# Ruby the Dobe came to stay :)



## Luvdogs (Aug 15, 2008)

We had a guest this weekend, and she has been a angel  
I thought i would post some pics from todays walk 










The raving loony party!! :thumbup: 




































The girls watching the silly boys!!!



















The line up parade!!









Thanks for looking


----------



## GemCheri (Aug 18, 2009)

Great pictures  They are all stunning!!! Looks like they had loads of fun


----------



## $hAzZa (May 2, 2010)

Boys will be boys 

Love the frisbee in Archie's mouth :lol: x


----------



## hawksport (Dec 27, 2009)

Nice pics, she looks very well behaved. Is this the one you are showing.


----------



## dobermum (Apr 27, 2010)

Aw fantastic! There's nothing better than seeing a buncha furkids, happy and at play. I'd gladly have Ruby over for a playd8 

Dobedaft me!

Dobermum


----------



## Nicky10 (Jan 11, 2010)

Great pictures of stunning dogs


----------



## Luvdogs (Aug 15, 2008)

hawksport said:


> Nice pics, she looks very well behaved. Is this the one you are showing.

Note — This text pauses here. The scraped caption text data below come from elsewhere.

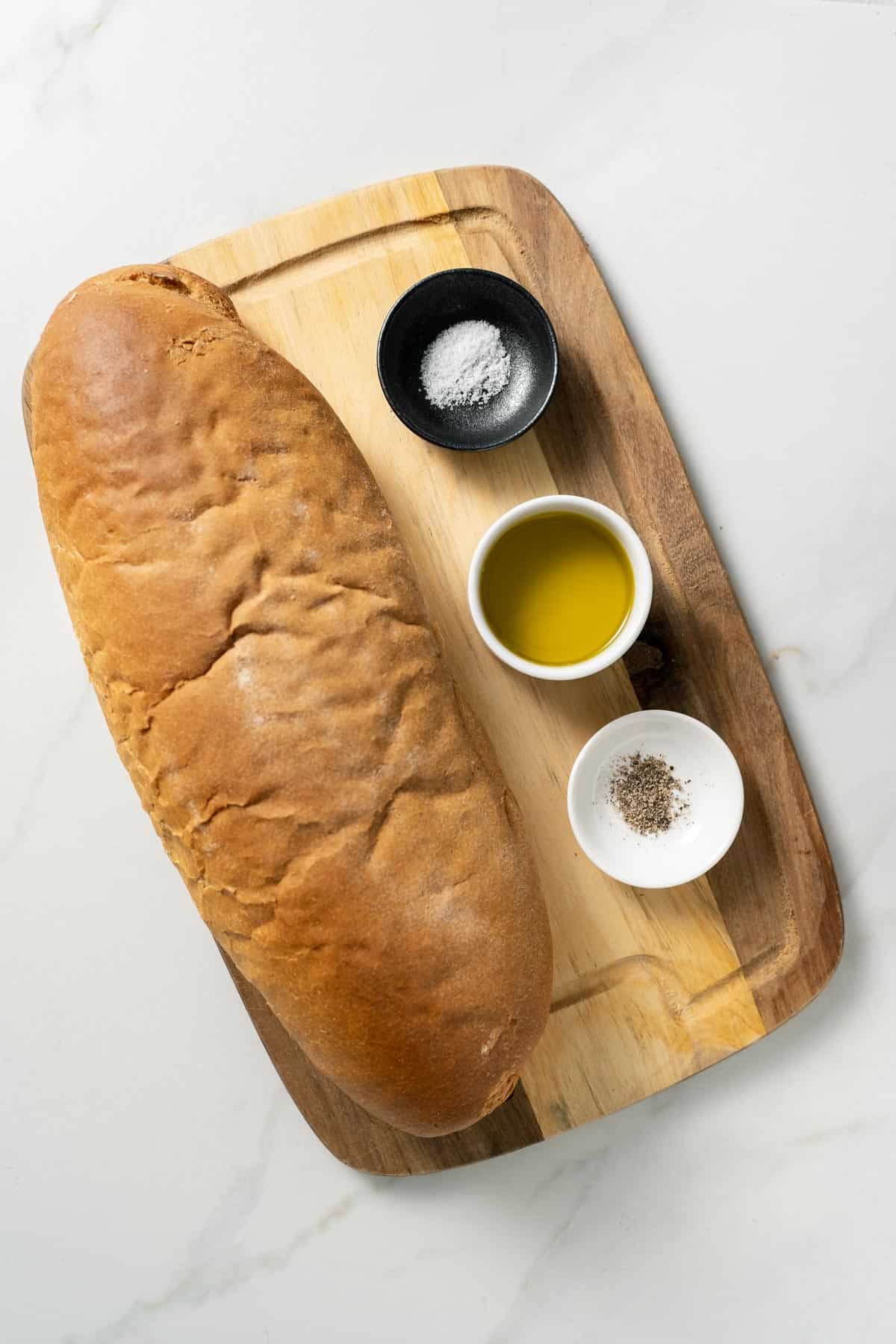 one loaf of bread with olive oil, sea salt, black pepper 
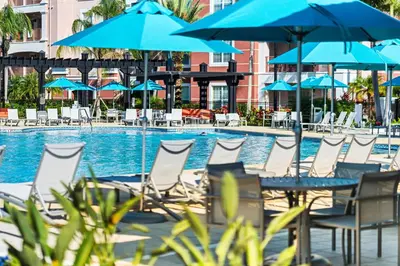 a group of chairs and umbrellas next to a swimming pool at Vista Cay at Epic Universe - Luxury 4 bedroom Condo in Orlando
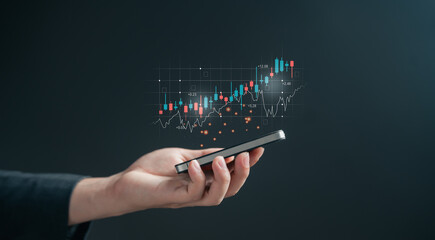 Business hand holding a smartphone with a digital hologram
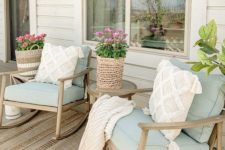 a farmhouse summer porch with wooden furniture, aqua upholstery, neutral pillows, blooms in woven plants is very welcoming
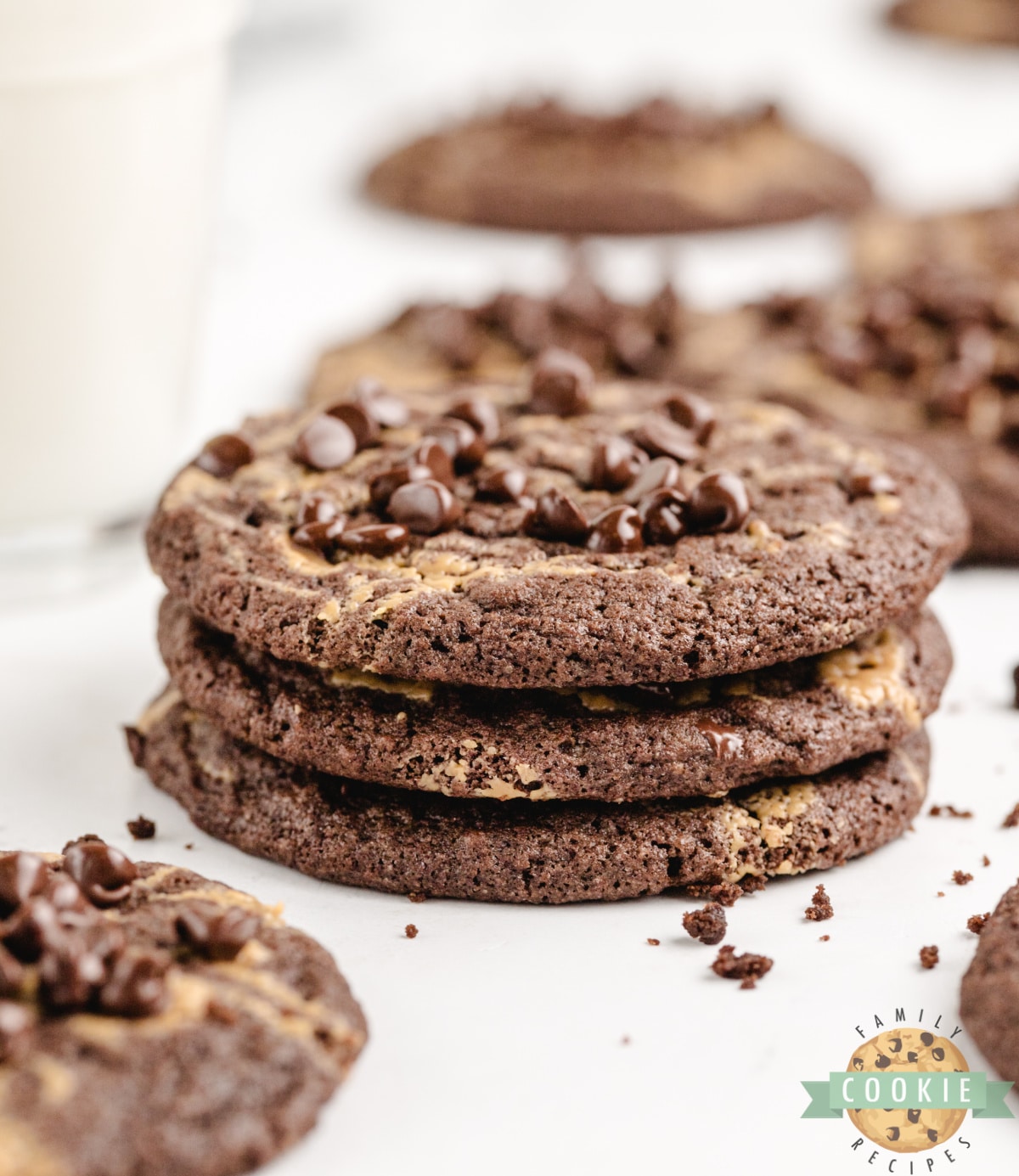 Chocolate Peanut Butter Swirl Cookies are soft, chewy, and delicious! These rich chocolate cookies have a swirl of peanut butter and a sprinkling of mini chocolate chips on top.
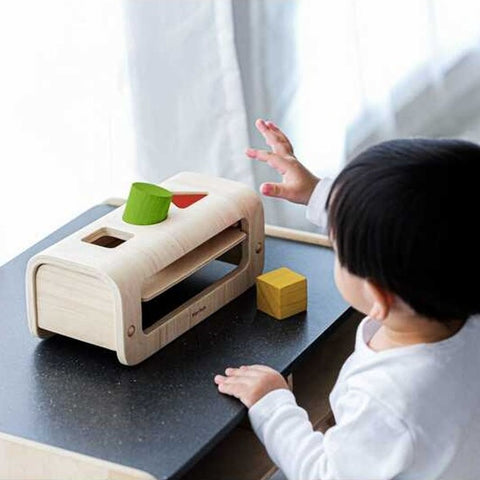 Kid playing PlanToys Shape & Sort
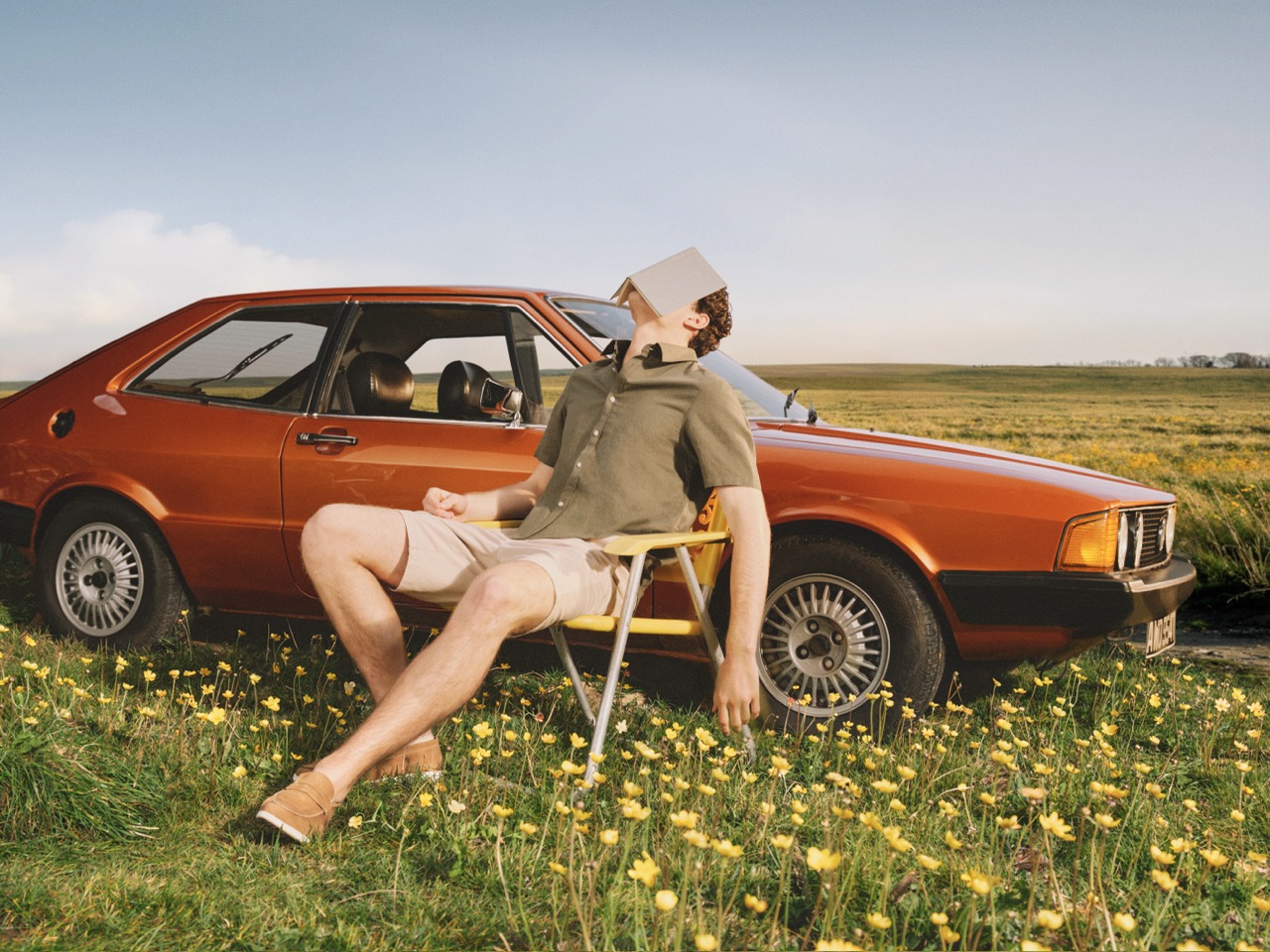 The Forge - A man in shorts and a green shirt lounges on a deckchair next to an orange vintage car in a field of yellow flowers, with a book covering his face as he relaxes.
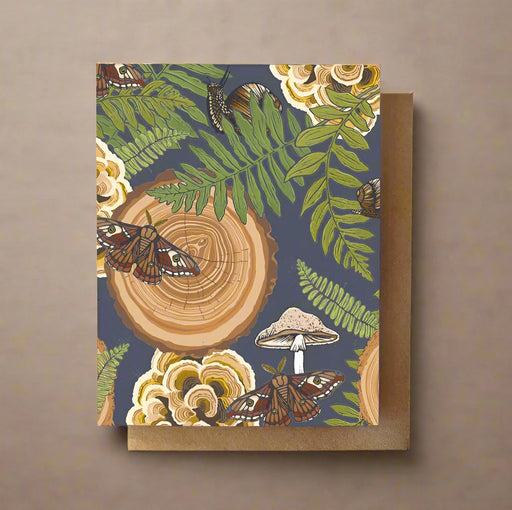 Greeting card with nature-themed design featuring mushrooms moths and snails on a slate gray background.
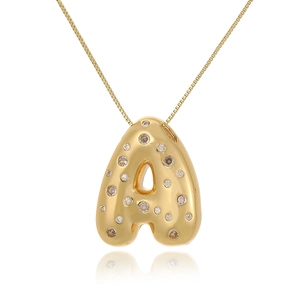 Macro detail of 18k gold plated puffy letter A pendant with sparkling cubic zirconia inlay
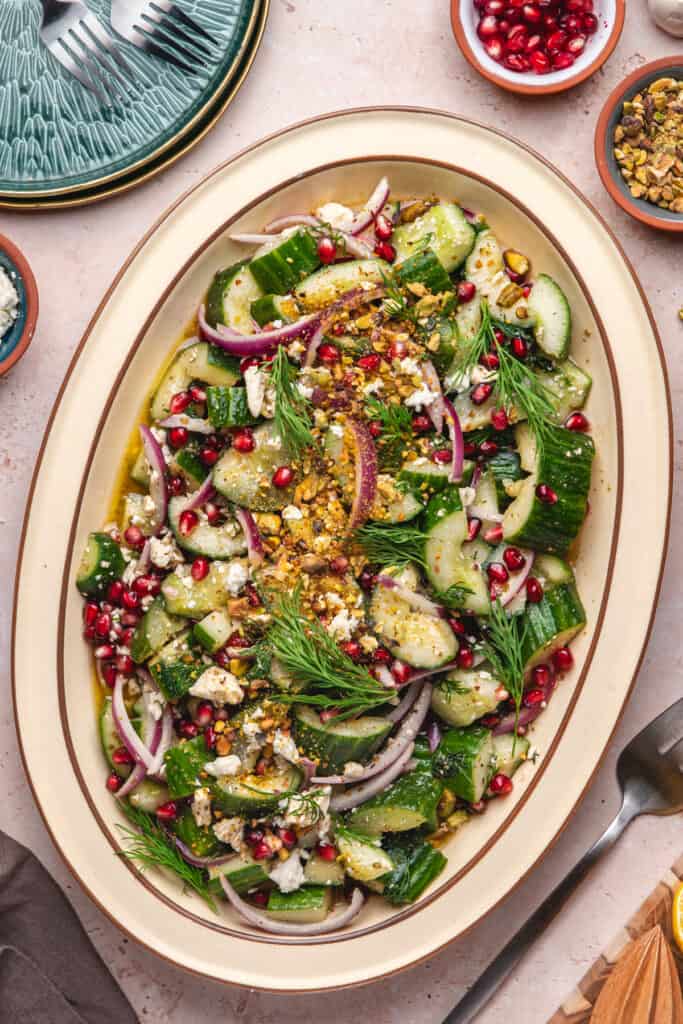 Final plated salad on a large oval dish, garnished with pistachios, dill, and pomegranate seeds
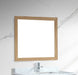 Square, wood-framed mirror above a bathroom vanity with marble countertop and chrome faucet.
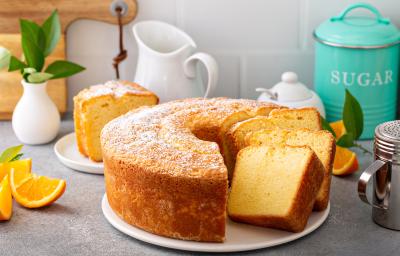 Fotografia de um bolo de laranja feito em forma redonda com furo no meio, o bolo está sobre um apoio, e tem três fatias cortadas, uma apoiada na outra. Ao fundo tem uma fatia do bolo em um prato de vidro pequeno, ao lado de pedaços de laranja.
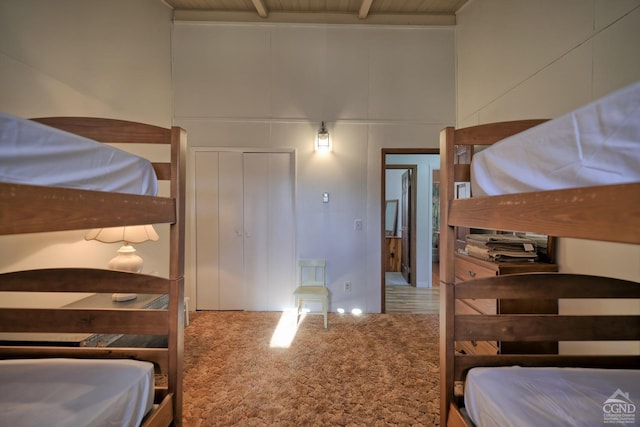 carpeted bedroom featuring beam ceiling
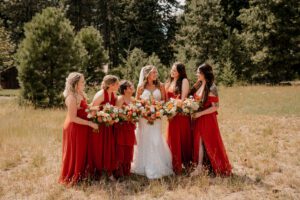 Bride and bridesmaids in the field at Brown Family Homestead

Yes that's her  she is a lovely dog, daft as a brush!


----------



## Haley (May 2, 2010)

Oh my, great pictures. They made me smile. They are all adorable


----------



## Zaros (Nov 24, 2009)

My word! More pictures of dogs running wild and free! Excellent. I love to see dogs off leash. Well done. They look all the more happy critters for it.


----------



## Luvdogs (Aug 15, 2008)

Thanks everyone


----------



## Petitepuppet (May 30, 2009)

Great photos and gorgeous dogs


----------



## Arlani (May 9, 2010)

Oh wow I love Dobermans! Looks like they had a great time


----------



## Luvdogs (Aug 15, 2008)

Arlani said:


> Oh wow I love Dobermans! Looks like they had a great time


Me too :thumbup::thumbup:


----------



## kaisa624 (Mar 5, 2010)

She reminds me of the Dobe who I see whenever I go the the Natures Instinct warehouse


----------



## Sarahnorris (Dec 1, 2008)

great photos, they look they all had loads of fun!


----------